The measure for average charge is an All Patient Refined Diagnosis Related Group (APR-DRG) for similar, though not identical, conditions and procedures among inpatients. For outpatients, the measure is the ICD-9-CM procedure code 51.23, as outpatients do not have APR-DRGs.
Many factors affect a facility’s performance on utilization measures. Such factors include the facility’s size, the number of gallbladder patients treated, available specialists, teaching status and especially the medical history of the facility’s patients and how ill those patients are. Facilities that treat high-risk (very ill) patients may have higher percentages of open surgeries than facilities that transfer these patients. Facilities also may report patient diagnosis codes differently, which could impact the comparison of utilization measurement among facilities. Utilization indicators adjust for how ill each facility’s patients are, but the adjustment may not capture the full complexity of the patient’s condition. The Utah Hospital Discharge Database includes up to nine diagnoses and up to six procedures for each patient. Some patients have additional diagnoses and procedures that are not included in this database. As a result, the measures of inpatient illness may not be complete.

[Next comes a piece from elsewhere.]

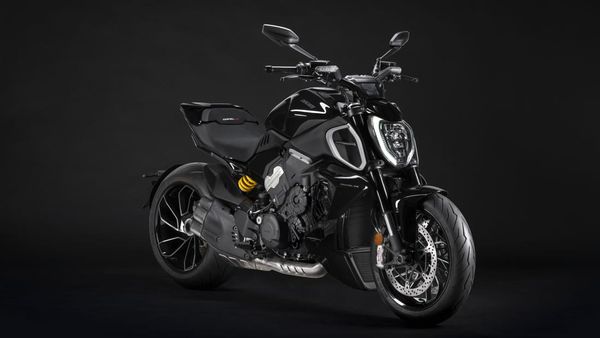 Potret Ducati Diavel V4: Tongkrongan Auto Ganteng, Bisa Parkir di Depan Mall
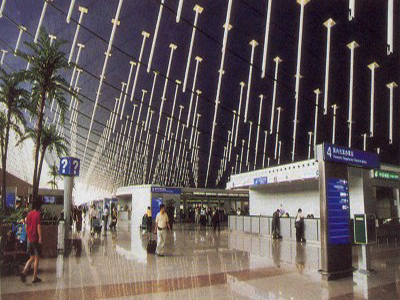 浦东国际机场候机楼内景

The average charge shown in this report differs from “costs,” “reimbursement,” “price” and “payment.” Different payers have different arrangements with each facility for payment. Many factors will affect the cost of your facility stay, including whether you have health insurance, the type of insurance and the billing procedures at the facility. This report excludes outlier (unusually high) charge cases and length of stay cases from the calculation of average charge for inpatients. It does not exclude outlier charge for outpatients (see Glossary). While APR-DRGs do consider levels for each inpatient’s severity of illness, these levels may not completely reflect the complexity of the inpatient’s condition.
Outpatients do not have levels for severity of illness, whereas inpatients do have levels for severity of illness.